Two gray whales found dead on area beaches
• Juvenile whales beached at Bishop’s, Starisky stump biologists
By Naomi Klouda
Homer Tribune

HOMER TRIBUNE/Sean Pearson - A gray whale washes ashore north of Bishop’s Beach off Kachemak Bay. Another whale was found beached off the Starisky area last week. Biologists are still working to determine the causes of death in both whales.
Two gray whale deaths on area beaches are under study, one the possible victim of a killer whale and the other whose cause of death is unknown at this time. Both were pushed ashore by tides.
One whale was found the weekend of July 17 at Starisky Beach, measuring about 36 feet in length. Another, measuring 27 feet in length, washed ashore at Bishop’s Beach on Monday.
Marine Fisheries biologists and trained volunteers through the Alaska SeaLife Center took tissue and blubber samples from the whales so that scientists might gain insight into the deaths. Two gray whale deaths within weeks in the same area may seem an unusual circumstance, but Dr. Debbie Tobin, a biology professor and trained Sea Life volunteer, said that considering the gray whale activity in the area, this may not be so unusual.
Taxi operators and other boaters off Seldovia remarked of a gray whale “acting strangely” in calls to the stranded mammal hotline at the Alaska Sea Life Center on Friday, but biologists are uncertain whether it was the same one to wash ashore on Bishop’s Beach, Tobin said.

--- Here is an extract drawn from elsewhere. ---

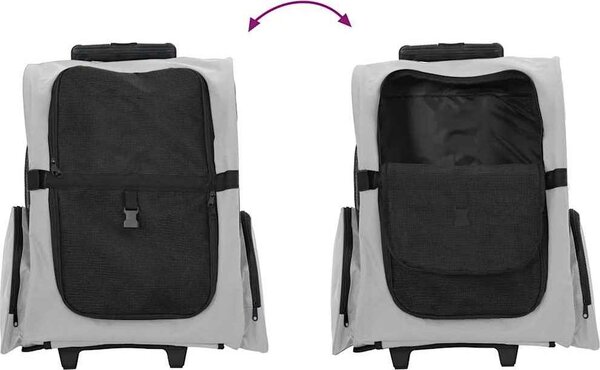 VidaXL Vozík pro domácí mazlíčky 3 v 1, design, barva, 48 x 32 x (57-106) cm, oxfordská látka [42007371] Barva: Šedá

“They initially reported it as a humpback whale, which is a common mistake,” Tobin explained. “But this one was hanging out in the shallows and behaving unusual.”
Adults are said to be 39 or more feet in length, while calves are born averaging 15 feet in length, meaning biologists can estimate this one was a juvenile.

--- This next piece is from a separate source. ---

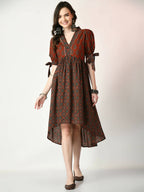 Myshka Women's Rust Empire Printed Dress - Distacart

Markings on the dead whale at Bishop’s Beach indicate teeth on its tail and pectoral fluke. It’s skin was torn away, tongue yanked out and part of the throat missing, Tobin said. These are indicative of Orca or killer whale maulings.
“But whether it was attacked prior to its death or post mortem, we can’t say,” she explained.
The larger gray whale found at Starisky had been spotted floating in the current from Anchor Point on down. Calls were made to the Sea Life hotline for stranded marine mammals, and a group of volunteers with biologists went to investigate it around July 18. No immediate signs gave clues to its death, Tobin said.
At one time there were three gray whale populations: a north Atlantic group that is now extinct, a Korean or Pacific stock, considered “very depleted” and an eastern Pacific stock — the largest surviving population.
Alaska’s gray whales belong to the Pacific stock, whose only major predators are humans and killer whales. According to an Alaska Department of Fish and Game Wildlife Notebook Series, in 1999 and 2000, a disproportionate number of gray whales stranded along the west coast but what caused that isn’t certain. The western Pacific group of gray whales were listed as endangered under the Endangered Species Conservation Act.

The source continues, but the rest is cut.